The retail inflation data for October once again underscore the fact that the update of the Consumer Price Index (CPI) cannot happen fast enough. The data show that the rate of overall inflation fell to just 0.25%, the lowest it has been since at least January 2012. On the face of it, this would be cause for celebration, but a deeper look reveals this drastic fall to be a statistical anomaly rather than an actual fall in price levels. The food and beverages category saw prices falling 3.7% in October, the largest in the history of the CPI’s current series. However, the main reason for this contraction was not so much that food prices have fallen, but because food inflation in October last year was a blistering 9.7%. This high base ensured that food inflation in October 2025 was negative, even though vegetable prices in markets have been on the rise recently. With the food and beverages category enjoying a weightage of nearly 46% in the overall CPI basket, this statistical anomaly in food inflation was responsible for pulling the entire index down. Indeed, inflation in nearly every other major sub-group — fuel and light, housing, tobacco, and the miscellaneous category — was higher this October than last. The impact of the GST rate cuts has, so far, been seen only in the clothing and footwear category — the only one apart from food to see inflation lower than last year. All of this shows just how skewed the inflation measure is. Not only is it outdated, with the base year set as 2012, but the weightages are no longer accurate and more often obscure rather than clarify.
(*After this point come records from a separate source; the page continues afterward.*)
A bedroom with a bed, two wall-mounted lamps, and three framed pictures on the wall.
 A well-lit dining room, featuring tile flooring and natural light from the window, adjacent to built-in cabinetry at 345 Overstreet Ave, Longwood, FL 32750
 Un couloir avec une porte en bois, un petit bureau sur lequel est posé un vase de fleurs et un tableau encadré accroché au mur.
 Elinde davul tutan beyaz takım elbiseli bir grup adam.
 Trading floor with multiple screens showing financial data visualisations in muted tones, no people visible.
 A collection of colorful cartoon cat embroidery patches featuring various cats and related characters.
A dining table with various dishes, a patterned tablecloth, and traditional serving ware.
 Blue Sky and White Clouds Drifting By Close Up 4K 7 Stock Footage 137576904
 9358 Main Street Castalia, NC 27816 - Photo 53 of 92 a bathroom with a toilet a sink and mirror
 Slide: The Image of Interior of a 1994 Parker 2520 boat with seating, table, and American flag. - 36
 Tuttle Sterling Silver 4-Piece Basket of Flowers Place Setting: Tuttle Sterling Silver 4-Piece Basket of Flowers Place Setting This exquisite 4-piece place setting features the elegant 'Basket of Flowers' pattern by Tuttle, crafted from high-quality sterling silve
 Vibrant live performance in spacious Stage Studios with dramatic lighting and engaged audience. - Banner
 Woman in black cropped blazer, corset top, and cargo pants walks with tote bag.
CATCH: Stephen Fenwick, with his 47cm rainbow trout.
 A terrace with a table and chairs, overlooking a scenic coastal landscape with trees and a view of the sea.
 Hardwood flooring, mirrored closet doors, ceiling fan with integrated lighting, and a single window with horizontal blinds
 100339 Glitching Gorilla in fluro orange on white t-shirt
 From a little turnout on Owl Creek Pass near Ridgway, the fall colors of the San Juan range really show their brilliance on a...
The disconnect between the CPI and reality can perhaps best be shown by the fact that people the Reserve Bank of India (RBI) had surveyed in September had said that their perceived inflation rate was 7.4% — a far cry from what the CPI reported.

The urgency behind the update is not just because of the vast gap between measured and perceived inflation. It is also because the RBI’s Monetary Policy Committee uses the CPI as its benchmark when deciding what to do with interest rates. Its next meeting is in December and it will have to decide whether to keep rates unchanged or to cut them. It will have to contend with growth data clouded by the temporary impact of the GST rate cut-related demand boost. Having to also parse through inflation data beset by statistical anomalies will only make accurate policymaking that much harder. The Ministry of Statistics and Programme Implementation has said that the new series of the CPI will be ready by the first quarter of the next financial year. The sooner it happens, the better.